OK - that's all I was wondering. I thought I'd raise this in case it
might be helpful.

I'll add a note to:
http://www.postgresql.org/docs/8.4/interactive/functions-conditional.html
to point out that this is something of a trap for the unwary

Regards,

Richard

Re: Should the optimiser convert a CASE into a WHERE if it can?

От
Scott Carey
Дата:
On Jan 26, 2010, at 9:41 AM, Richard Neill wrote:

> Thanks for your answers.
>
>
> David Wilson wrote:
>
>> Why not simply add the where clause to the original query?
>>
>> SELECT
>> SUM (case when id > 1200000 and id < 1210000 then 1 else 0 end) AS c1,
>> SUM (case when id > 1210000 and id < 1220000 then 1 else 0 end) AS c2,
>> SUM (case when id > 1220000 and id < 1230000 then 1 else 0 end) AS c3,
>> SUM (case when id > 1230000 and id < 1240000 then 1 else 0 end) AS c4,
>> SUM (case when id > 1240000 and id < 1250000 then 1 else 0 end) AS c5
>> FROM tbl_tracker WHERE (id>1200000) AND (id<1250000);
>>
>> I didn't populate any test tables, but I'd expect that to do just as
>> well without being any uglier than the original query is.
>
> You're absolutely right, but I'm afraid this won't help. I'd simplified
> the original example query, but in real life, I've got about 50
> different sub-ranges, which cover virtually all the id-space.
>

Well, it probably shouldn't use the index if it covers the vast majority of the table.  I wonder if it is actually
fasterto reformulate with WHERE or not at that point -- it might be slower. 

Re: Should the optimiser convert a CASE into a WHERE if it can?

От
Віталій Тимчишин
Дата:


2010/1/26 Matthew Wakeling <matthew@flymine.org>
On Tue, 26 Jan 2010, Richard Neill wrote:
SELECT SUM (case when id > 1200000 and id < 1210000 then 1 else 0 end) from tbl_tracker;

Explain shows that this does a sequential scan.

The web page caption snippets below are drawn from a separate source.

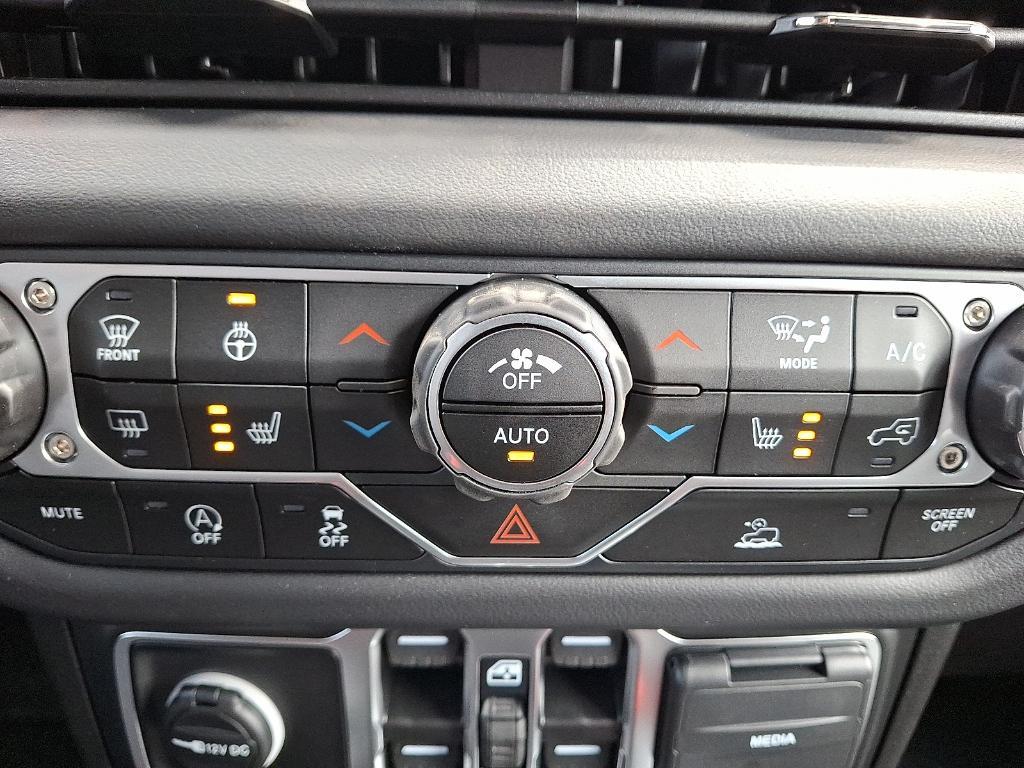 new 2025 Jeep Gladiator car, priced at $55,779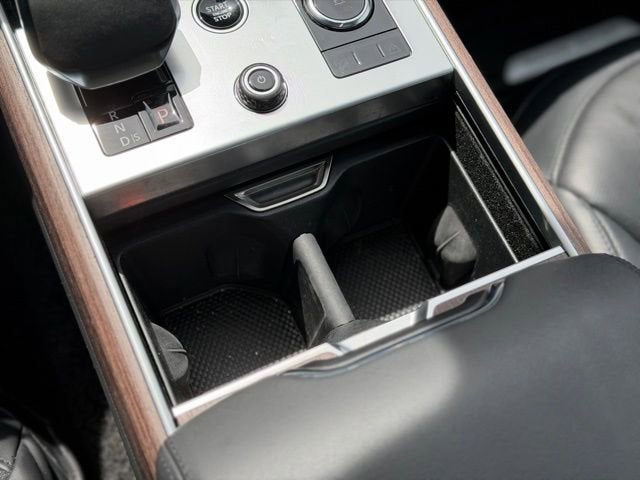 2023 Land Rover Range Rover SE LWB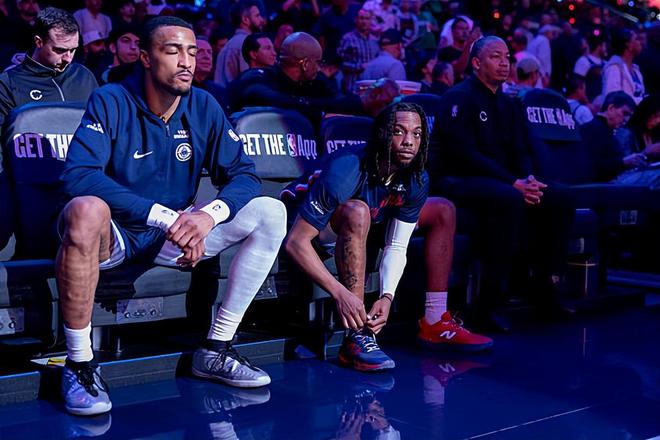 伦纳德绝杀助快船掀翻步行者 科林斯状态低迷成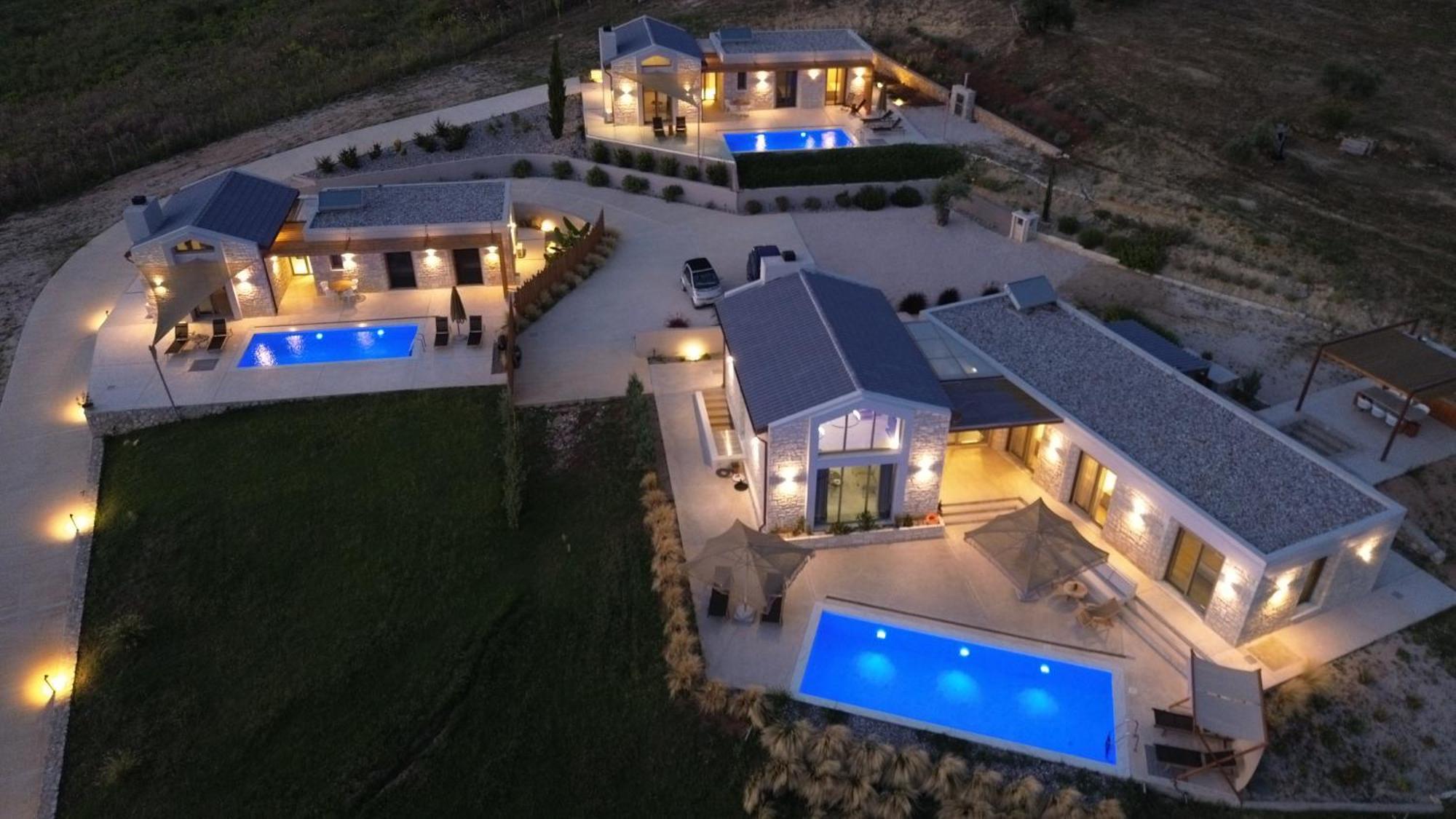 Villa Mandalos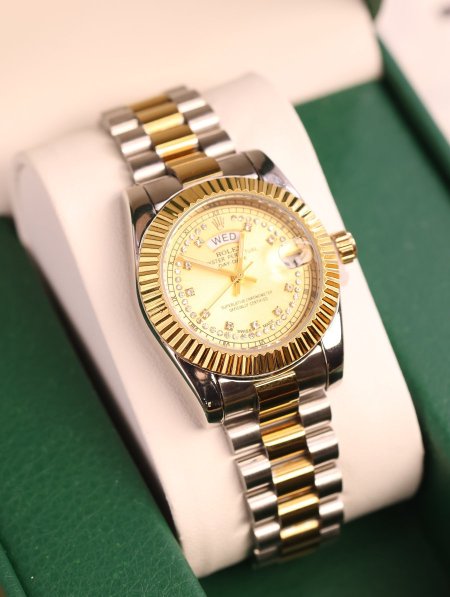 ساعة Rolex.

I'd defer to Tom on this one, but really, for Postgres to work this out, it would have to peer deep into the mysterious SUM function, and realise that the number zero is a noop. I suppose it would be possible, but you'd have to define noops for each of the different possible functions, *and* make the planner clever enough to spot the noop-matching number in the else and convert the WHEN into a WHERE.

Hello.

How  about SELECT SUM (case when id > 1200000 and id < 1210000 then 1 end) from tbl_tracker;
It gives same result (may be unless there are no records at all) and optimizer already knows it need not to call function for null input. Such an optimization would cover much more cases. It would look like:
 * Check only for aggregate subselects
 * All the functions should be noop for null input
 * Add ORed constraint for every function input is not null (in this example (case when id > A1 and id < B1 then 1 end is not null) or (case when id > A2 and id < B2 then 1 end is not null) or ... or (case when id > An and id < Bn then 1 end is not null)
 * Know special "case" (case when id > A1 and id < B1 then 1 end is not null) <=> (id > A1 and id < B1)
by ORing all the "when" conditions case when C1 then D1 when C2 then D2 ... when Cm then Dm end is not null <=> C1 or C2 or ... or Cm.
Event without last part it may give bonuses even for "select count(field) from table" transformed into "select count(field) from table where field is not null" and using [partial] indexes. 
As of last "*", replacing COUNT with SUM(CASE()) is used often enough when multiple count calculations are needed.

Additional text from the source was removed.